(Note: this section is meant more for parents and returning RMs acting as tourists. Missionaries will receive instruction on how they'll be getting around once they are in the field, although most Paris-area missionaries do use a Carte Orange.)
Although you can get around Paris using a rental car, because of traffic and parking problems, you might want to consider the subway system, Métro. The Métro is safe and relatively clean. It runs frequently and everywhere. If you do choose to go by Métro, stop at the information desk in the train station and ask them to help you find a place to purchase a Mobilis, which is a day pass for the Métro and normal buses (Paribus is not included), or a Carte Orange if you're staying longer and need to get out further.
You'll have to specify the number of zones. If you don't plan on leaving Paris, just get zones 1-2. That'll cover everything within Paris's boundaries and it only costs 5.40€. Zones 1-3 includes everything out to Saint Denis and costs a little more at 7.15€ though it may be worth it if you get lost in the Métro.)
And here's a quick tip if you do get lost in Métro: do not leave the gates. Leaving the gates means that you'll have to punch another ticket to get back to your original destination. Just find the right track to go in the right direction and stay in the system.
The Mobilis consists of two tickets: a large id card-sized ticket on which you write your name, and a smaller ticket which you put in the ticket slot to open the Métro gate (the gate gives you back your ticket).
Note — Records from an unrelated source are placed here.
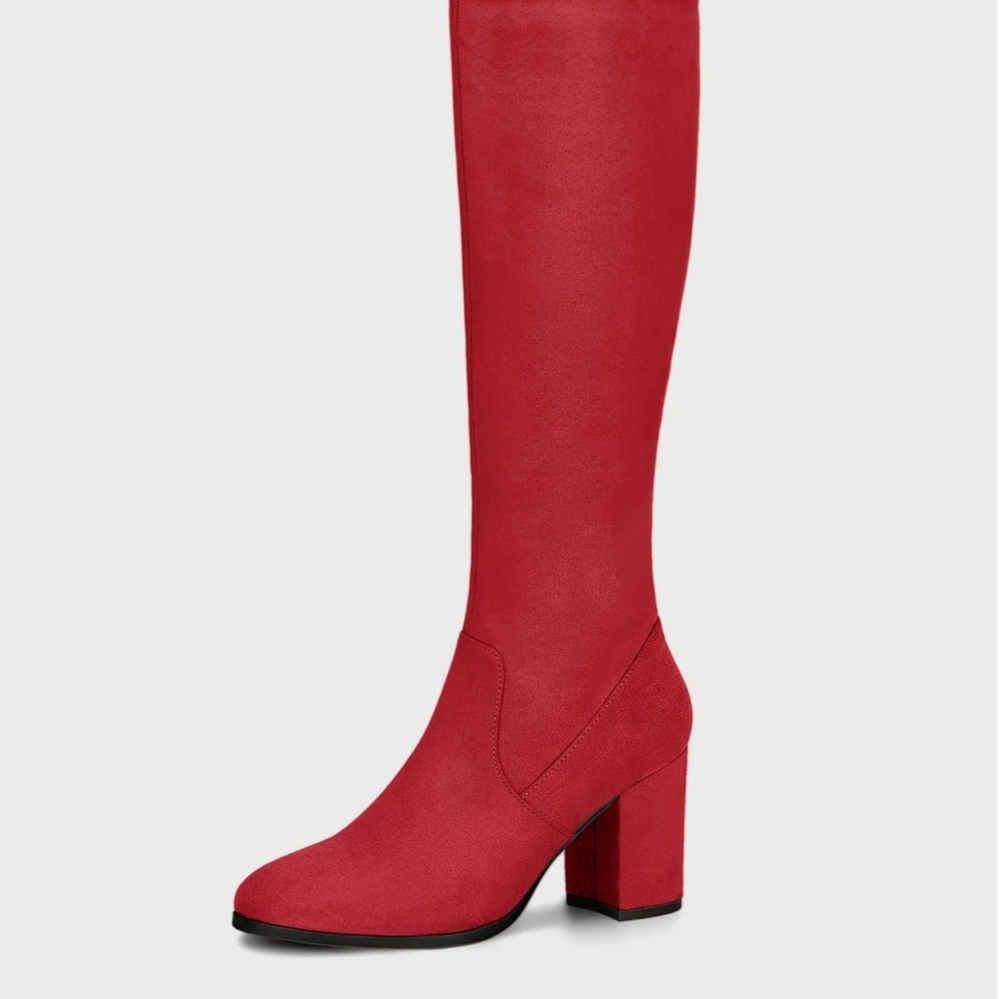 Allegra K Red Over the Knee Boots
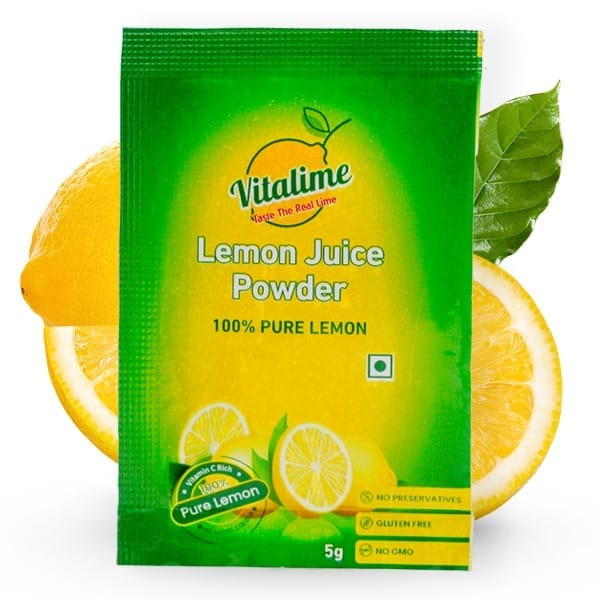 Vitalime Lemon Juice Powder - 100% Pure Lemon, Vitamin C Rich (5g*24)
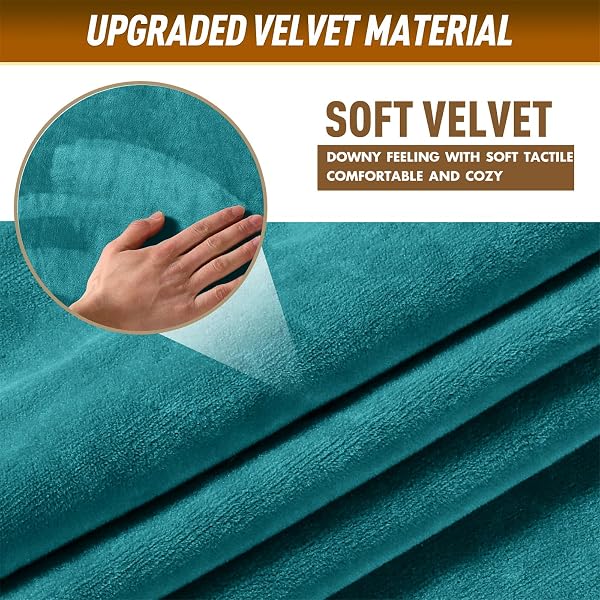 Stretch Velvet Sofa Seat Cover High Elastic Cushion Cover Sofa Cushion Furniture Cover Sofa Seat Cover Cushion Covers (Large 1 Seater, Turquoise Blue) - 4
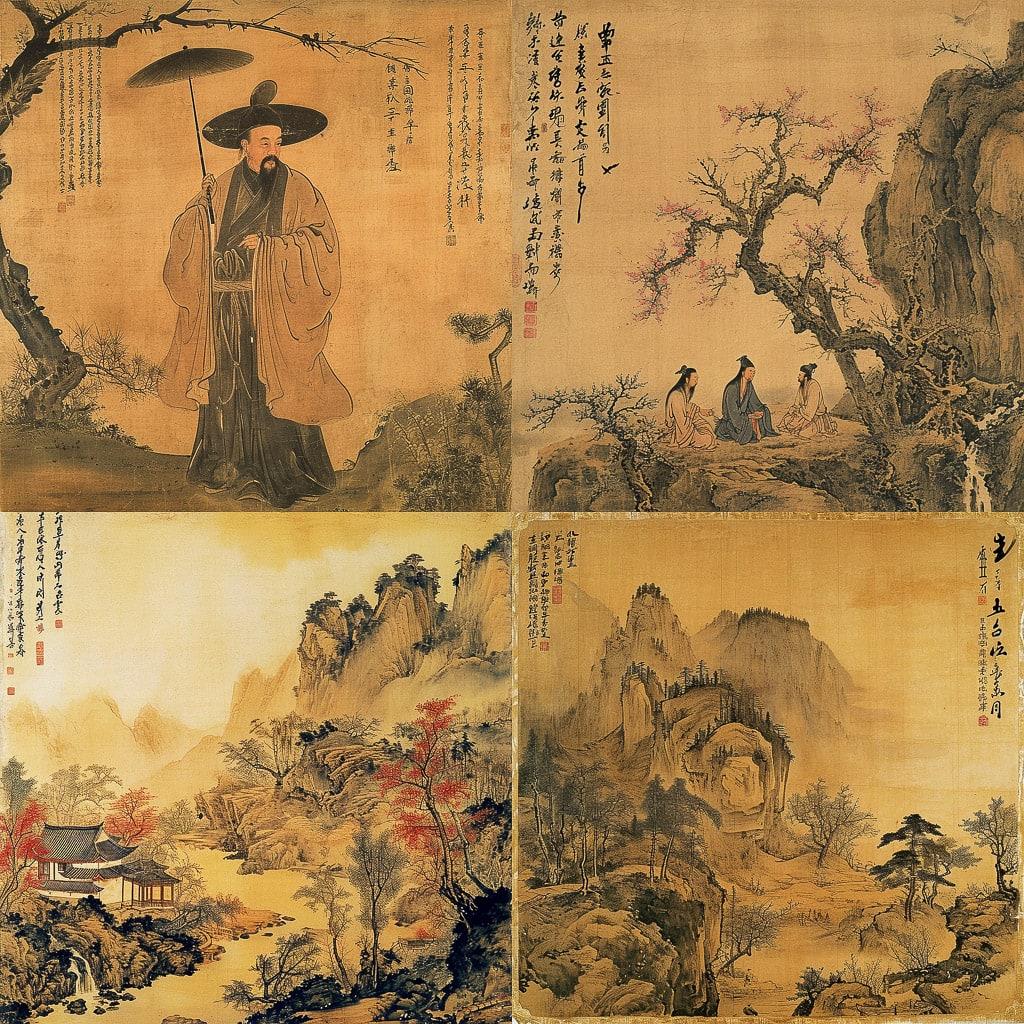 Emperor Huizong of Song style, Midjourney V6, render 1 of 4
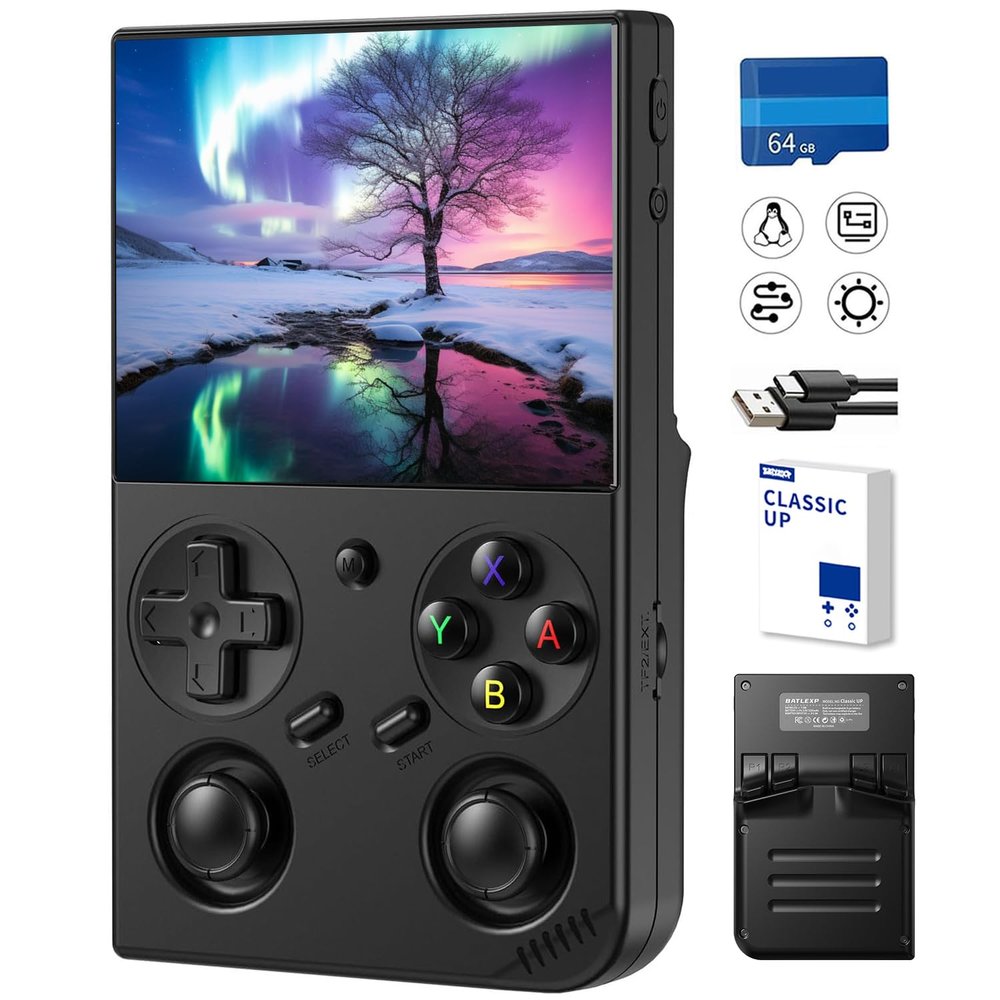 Classic Up Retro Handheld Game Console,Portable Game with 3.5 Inch IPS Screen,with 64G TF Card Pre-Installed 4353 Games Supports 5G WiFi Bluetooth HDMI and TV Output 35XXPRO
You must copy the number of the large ticket onto the small one and put the date you're using the ticket on too. DON'T validate the little ticket on the buses (it'll ruin the ticket) just show the ticket to the driver. And don't even worry about doing that if you get on in the back of the bus, Paris has contrôleurs who do random checks of the buses to make sure that everyone has a valid ticket.
The Carte Orange also consists of two tickets: an ID card for which you must have a photo and a smaller ticket, both of which go into a grey sleeve. The little ticket functions as described above.
You may be tempted to get a Paris Visite ticket, marketed aggressively to tourists. The cheapest one for one day costs 8.35€. Although the attractions have gotten better since I first reviewed this in 1996, the discounts are not that great. Most of them are "companion discounts": buy one, get one free. If you aren't planning
on visiting the places that are listed below or you don't have a companion, the ticket still isn't worth it.
The Paris Museum Pass, in contrast, is 30€ for two days (45€ for 4 days, 60€ for 6 days), and it gives you free entry without waiting to more than 60 Paris museums and monuments including the Louvre. This is worth it if you plan to see four or more sights on the list. For example, the Louvre costs 8.50€ (6€ after 3:00 pm), the Eiffel Tower costs 11.00€, and the Arc de Triomphe costs 8€. One more museum and the ticket is covered. Despite the new rates, it's still one of the best bargains in Paris.